Other researchers have found classical music can inspire people to buy more pricey wines and romantic music can prompt customers to spend more freely at flower shops.
"What you're looking to do is make sure that the environment is a feel-good place is the kind of place where you want to spend more time," said Kevin Perlmutter, Chief of Innovation at Man Made Music, which specializes in what it calls sonic branding. "And hopefully the reason why you're there is represented by the music that's keeping you there."
All Target stores with sound systems play the same tune simultaneously. The team charged with redesigning Target stores came up with a playlist of more than 1,500 songs. Welker described the selections as "playful and energetic and of the moment." Artists include Stevie Wonder, Taylor Swift, Justin Bieber and Justin Timberlake.

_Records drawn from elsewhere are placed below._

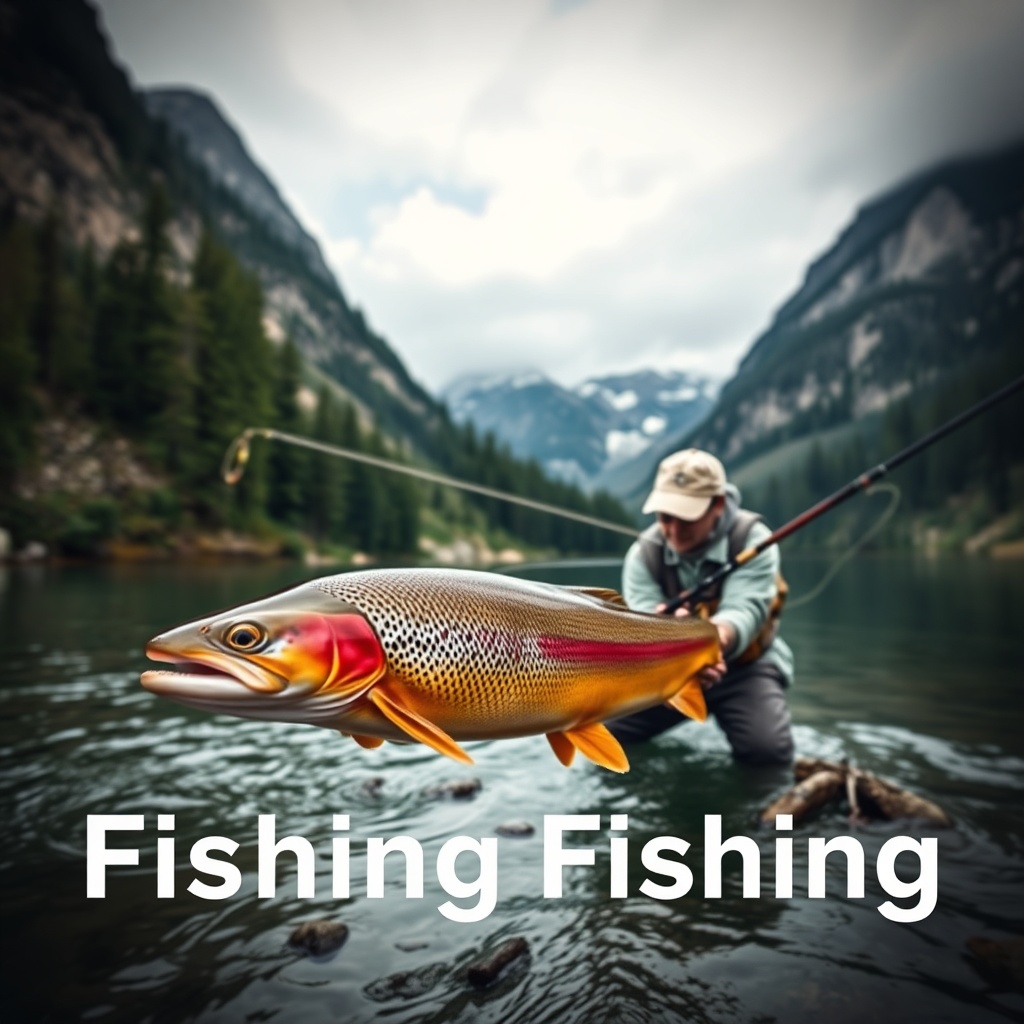 montana fishing image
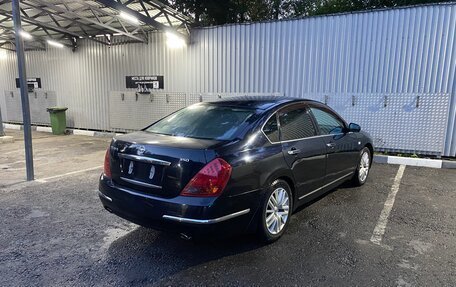 Nissan Teana, 2007 год, 630 000 рублей, 18 фотография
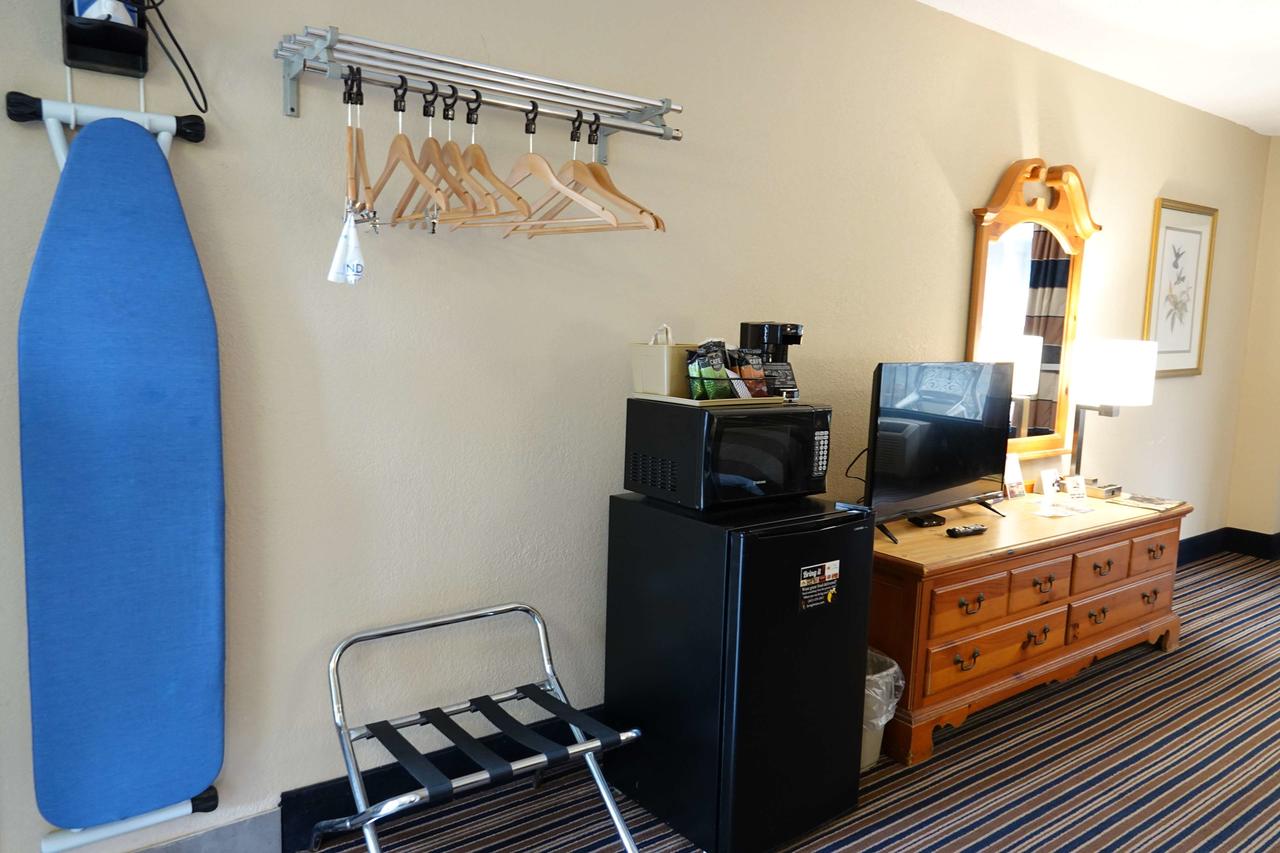 SureStay Plus Hotel By Best Western Gatlinburg - thumb 11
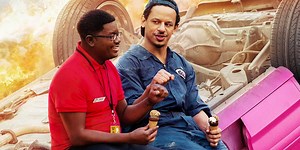Eric André's Prank Movie 'Bad Trip' to Premiere on Netflix After Lengthy Delay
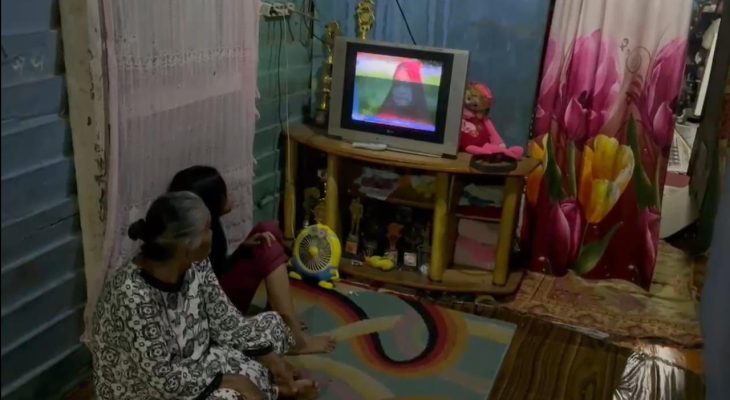 Jelang HUT RI, 13 Desa di Kabupaten Sintang Kini Terang dengan Listrik PLN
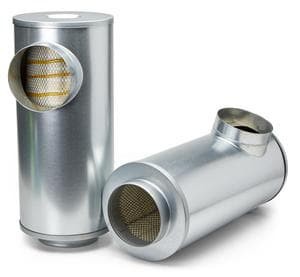 Герметичный корпус, Air Housing #AH8503 Герметичный корпус, Air Housing #AH8503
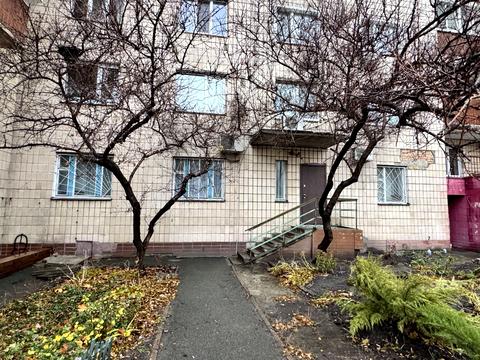 коммерческая по адресу Петра Вершигоры ул., 9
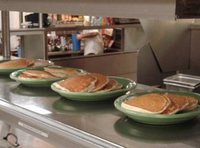 Hopewell Sells Syrup to Yours Truly Restaurants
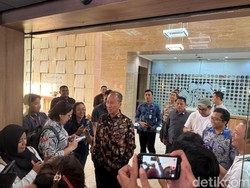 Pejabat Apple Hadap Menperin Bahas Nasib iPhone 16, Ini Hasilnya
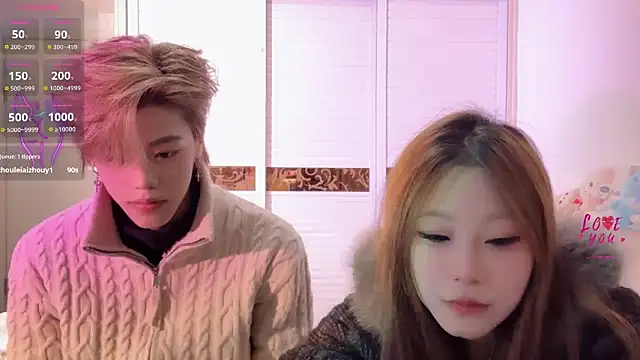 SM JIAJIA ZL online show from 02-01-26, 05:55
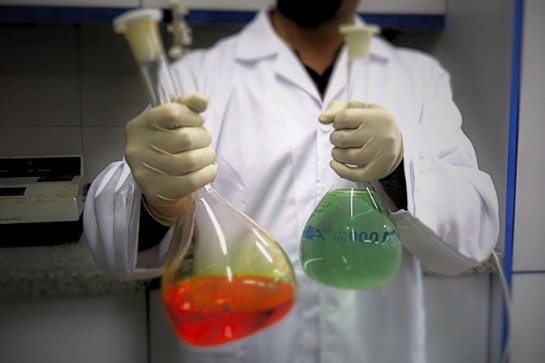 آزمایشات خاک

But how do you come up with a playlist that doesn't irritate some shoppers?
"It's almost like DJ-ing the world's largest wedding reception," said Danny Turner, global senior vice president of programming and production for Mood Media, which supplies background music for Target and a lot of other companies.
"With any brand you always seek to identify what the real core target demographic is," Turner said. "Every brand has one. So, you super-serve that segment without alienating any of the fringes."
Target identifies its core demographic as women in their mid-40s with kids and household income topping $60,000.
Turner said music in a store should be memorable and not too soft or loud, and it should evoke the feelings and associations that a merchant wants shoppers to have about the shopping experience.
The biggest challenge is getting harried shoppers simply to notice that there's music at all.
At Target's Nicollet Mall store in Minneapolis the music is audible, but a lot of shoppers don't notice the tunes until asked.
Anita Cook of Minneapolis said she likes the music, though she's not really paying attention to it. "To me it's white noise. It just makes it a little easier moving around in here without hearing a lot of different conversations."
Christy DeSmith of Minneapolis didn't notice it, but didn't object when it was called to her attention.
"It's fine," she said. "A lot of times at the grocery store I really don't appreciate the very sappy music that they play. So, I hope they avoid that. But I probably won't pay much attention because when I'm at Target. I'm usually chasing my child all over the place."